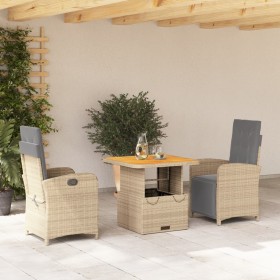 3-teilige Garten-Essgruppe mit beigen Kissen aus synthetischem Rattan von , Gartensets - Ref: Foro24-3277363, Preis: 439,19 €...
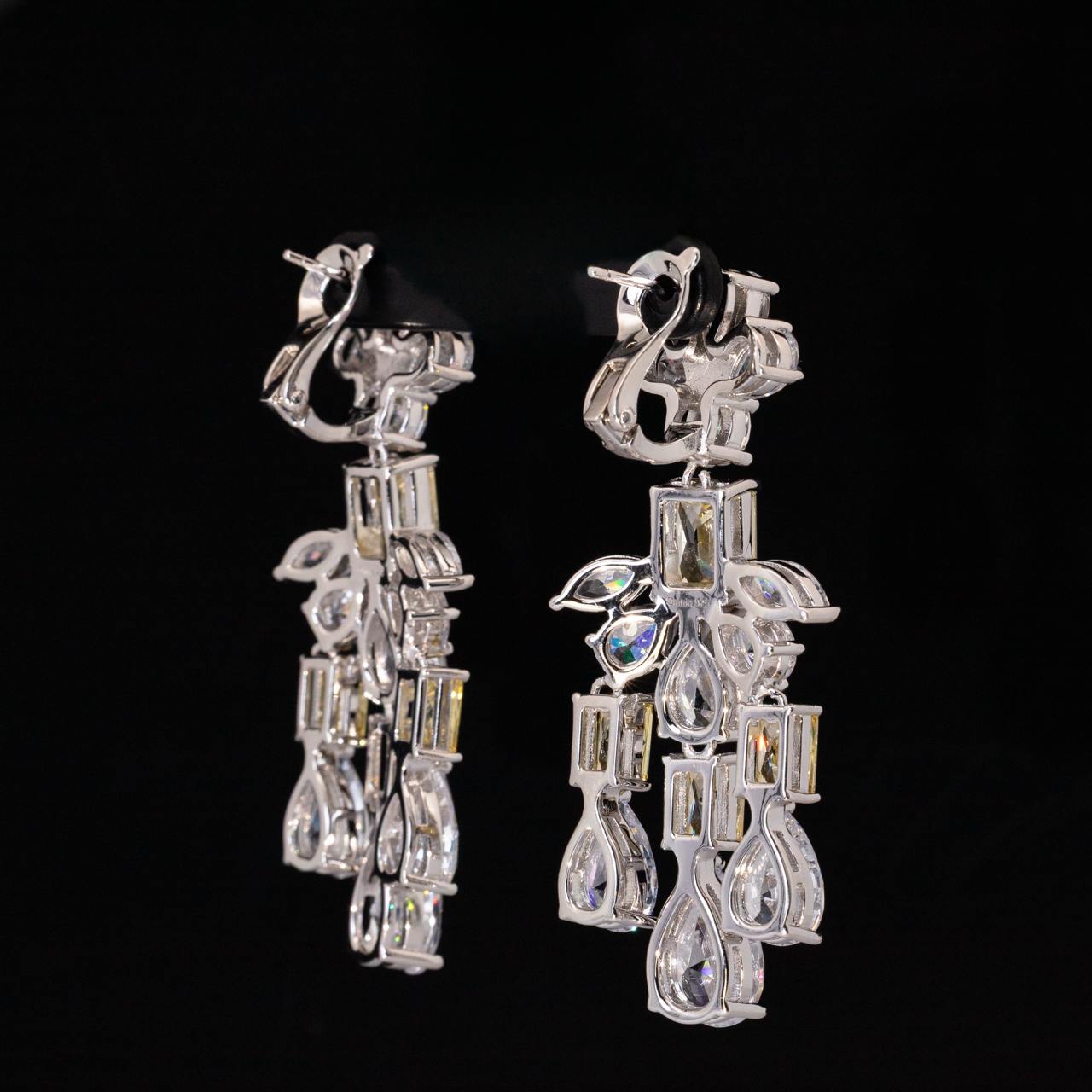 Omnia Ranim White and Yellow Floral Drop Earrings With High Quality Simulated Diamonds In 925 Silver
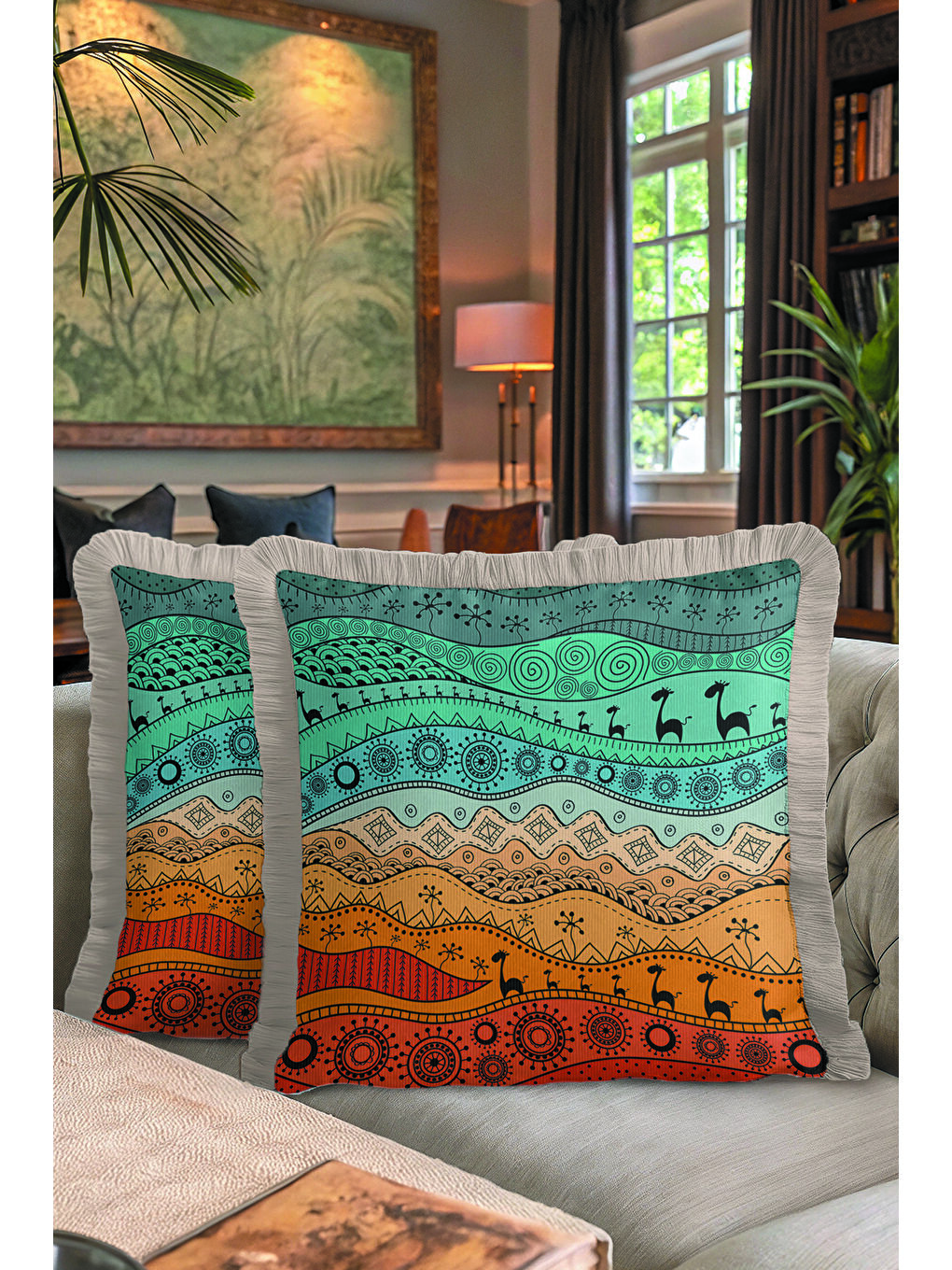 Karışık Etnik Afrika Motifli Saçaklı Yastık Kılıfı - Tribal Bohem Turuncu Yeşil Gri Püsküllü Kırlent Kılıfı-7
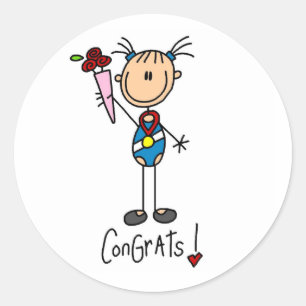 Gymnast Champion Classic Round Sticker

Work to be completed
Repeat the line that contains "Omnia Ranim White" and each line after it, through the last line of the listing, exactly and alone; pictures stay out of the repeat.

Response area
 Omnia Ranim White and Yellow Floral Drop Earrings With High Quality Simulated Diamonds In 925 Silver
 Karışık Etnik Afrika Motifli Saçaklı Yastık Kılıfı - Tribal Bohem Turuncu Yeşil Gri Püsküllü Kırlent Kılıfı-7
 Gymnast Champion Classic Round Sticker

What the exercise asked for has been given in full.